Ali and Hwang (1999) used data from manufacturing firms from 16 countries over the period 1986-1995 to test the relationship between country-specific factors and the combined value relevance of book value and earnings, among others. They found that for countries with bank-oriented financial systems, public standard setters adopt continental model classification, tax rules significantly influence financial accounting measurements, there is low spending on audit services, and the value relevance of accounting information is lower; Japan belongs to this category.

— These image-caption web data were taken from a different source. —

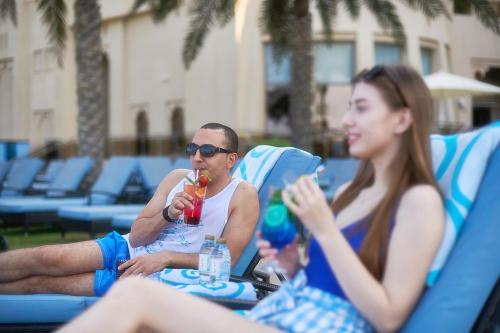 a man and a woman sitting on a bench eating food at Bahi Ajman Palace Hotel in Ajman 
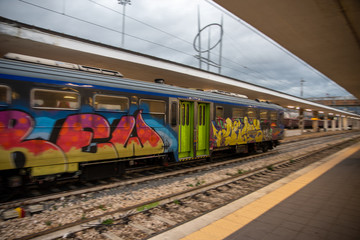 colorful trains at the station in speed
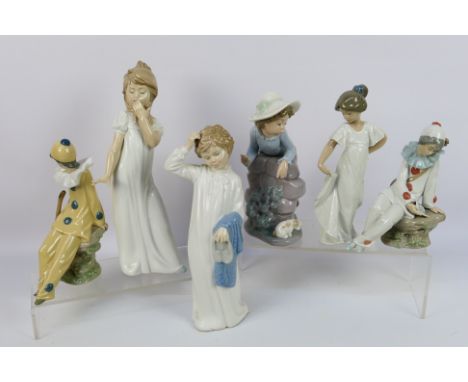 A quantity of Spanish porcelain figures by Nao, including two Pierrot / clown musician figures, largest approximately 28 cm (
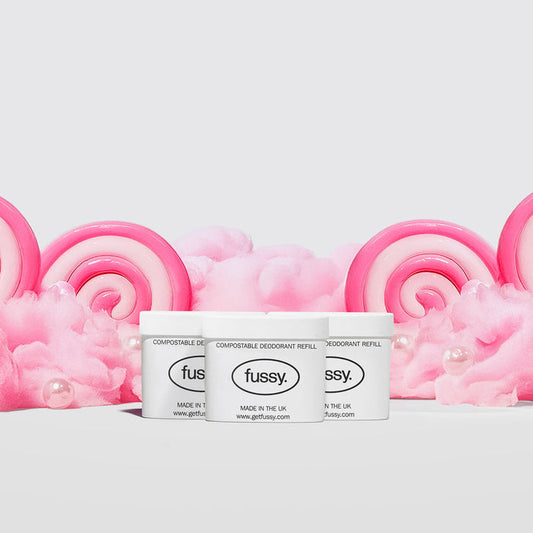 Fussy's Sugar Crush Deodorant Refill Packs featuring three refill packs set against a backdrop of cotton candy and pink and white lollipops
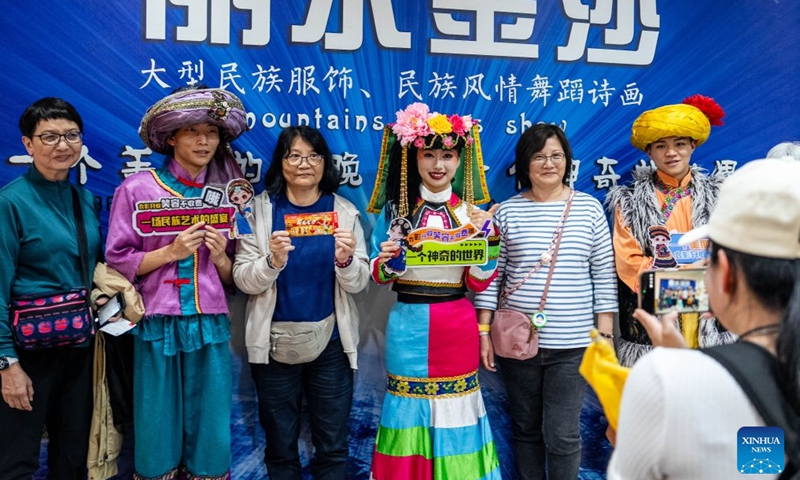 Members of the audience pose for a photo with actors before the Mountains Rivers Show in Lijiang, southwest China's Yunnan Province, June 17, 2026. Since its premiere in Lijiang in May 2002, the show has been a long-running hit in 24 years, staging over 21,000 times, and has drawn an audience of about 20 million . (Xinhua/Hu Chao)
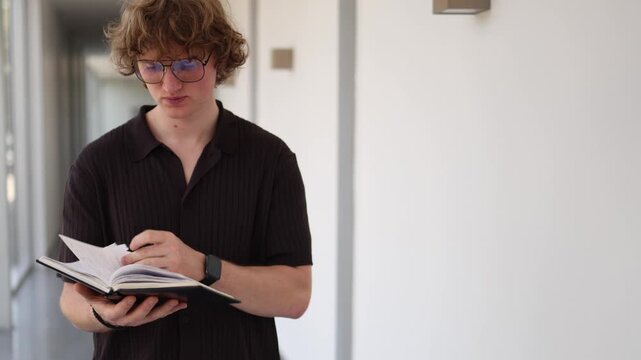 Vertical screen schoolboy reading notes and reviewing notebook in school corridor preparing for upcoming test with focused attention and careful study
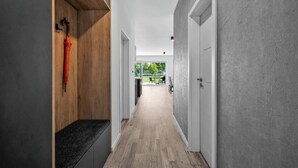 Un pasillo con un banco de madera, una puerta y vistas a un espacio exterior.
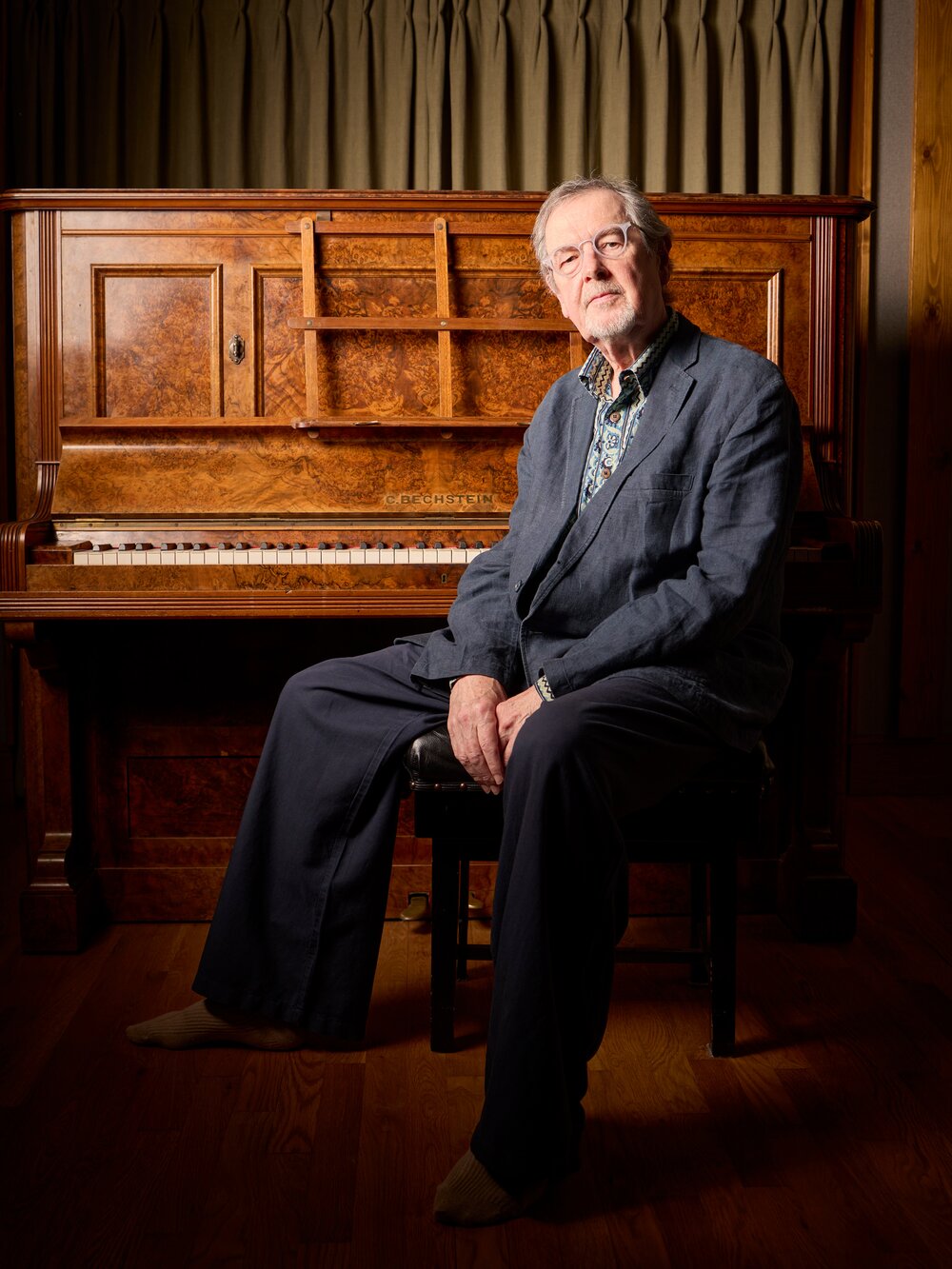 Richard Harvey at an upright piano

Easton and Harris’s work (1991), commonly known as the return-earnings model, takes earnings level and book value of equity as relevant explanatory variables for returns in contrast. The Ohlson model (1995) suggested that the value relevance of accounting numbers can be measured with the relationship between its accounting data, such as book value per share and earnings, and share prices. This model is currently referred to as the price-earnings model (Alali and Foote, 2009). In addition, Collins et al. (1997) suggested that both book value and earnings can act individually as significant independent variables in explaining stock prices; in other words, book value and earnings are likely to be value relevant in determining stock prices or returns. Suadiye (2013) confirmed that the stock price models measure value relevance according to some statistical relation between financial statements information and stock price or return values. However, there are many studies that have claimed that factors impact on the equation, such as country-specific accounting systems (Graham et al., 2000; Ballas and Hevas, 2005; Chalmers et al., 2011) and industry-specific factors (Ballas and Hevas, 2005; Alfaraih, 2009).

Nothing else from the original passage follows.